<イケメン戦国ショートストーリー集>戦国の見える蒼穹
第66章 邂逅 ― 義元&姫 ―
「…市で舞に初めて会ったきっかけは、花瓶の欠片だったね」
俺は思い出して、横に座って団子をほおばる舞に言った。
「…しょ、しょう、でふ、ね…」
口いっぱい団子を入れた舞は、突然俺が話し掛けたから驚いて返事はするが、口の中にものが入っているから変なしゃべりかたになる。
「ああ、悪かったね。ゆっくり団子を咀嚼するんだよ」
俺は急いで呑みこもうとする舞に急ぐ必要はない、と諭す。
あの後舞は、俺が連れて行った骨董屋で、太陽と朱雀が描かれた花瓶を選んだ。
それは使う主にぴったりだ、と舞が言っていたが、まさかその主が織田信長、だとは誰が想像出来るだろう。

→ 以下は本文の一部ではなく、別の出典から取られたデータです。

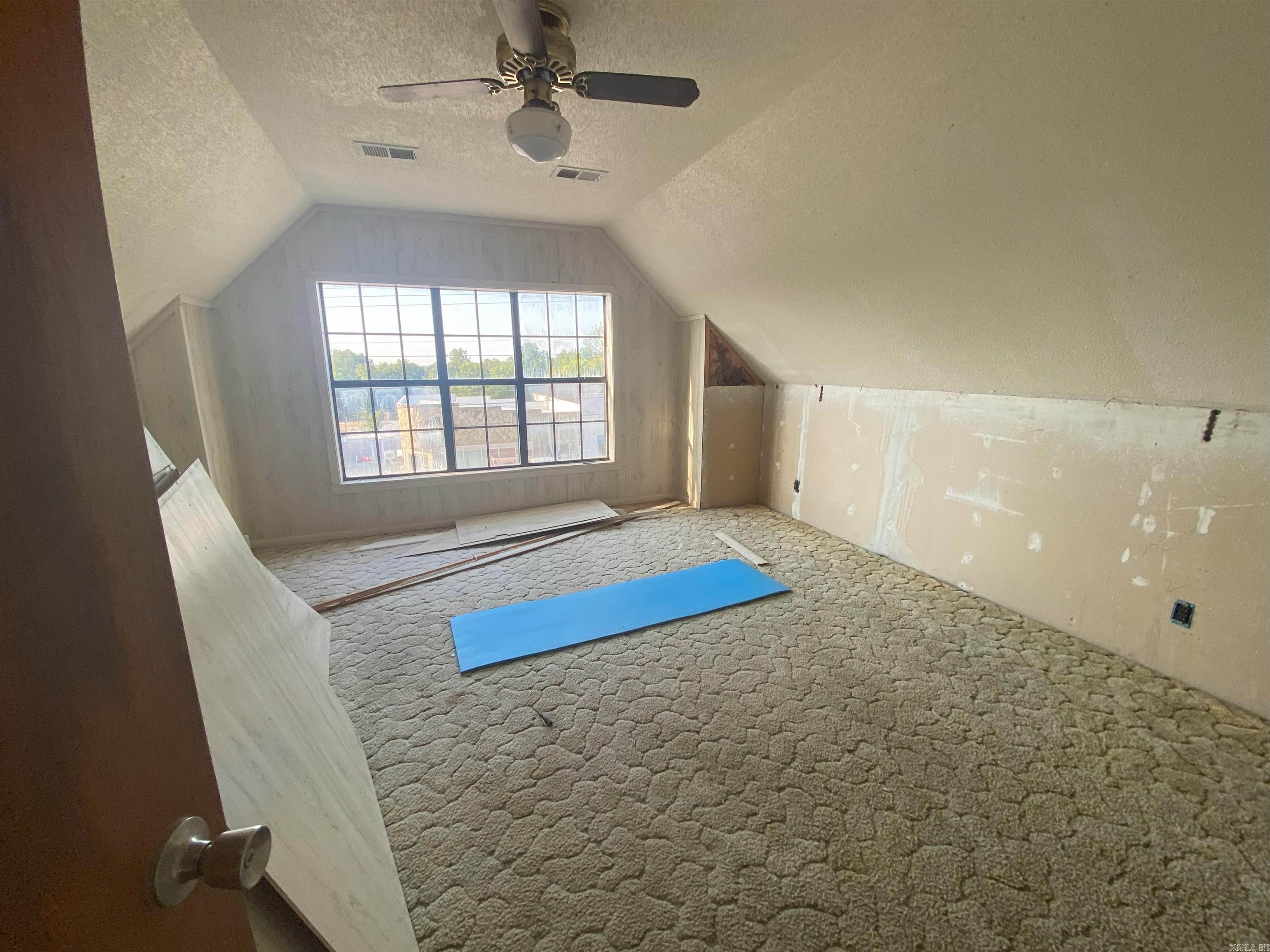 111 N 3rd  Black Rock, AR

俺だって、まさか舞が織田軍の世話役をしているとはわからなかったし。
でもそれを抜きにしても、俺は彼女の美しさ、可憐さ、優しさに惹かれてしかたないんだ。
「舞、食べ終わったら湖まで行ってみようか」
俺は空を少し見上げ、今日の天気なら湖もさぞ綺麗ではないかと考える。
はい、と舞から短く肯定の返答があった。
そして、俺達は湖のほとりに立つ。
他に誰もおらず、湖が太陽の光を受け水面を輝かせているのと、時折鳶が鳴き声をあげながら、高い空を飛んでいるのを見るだけだった。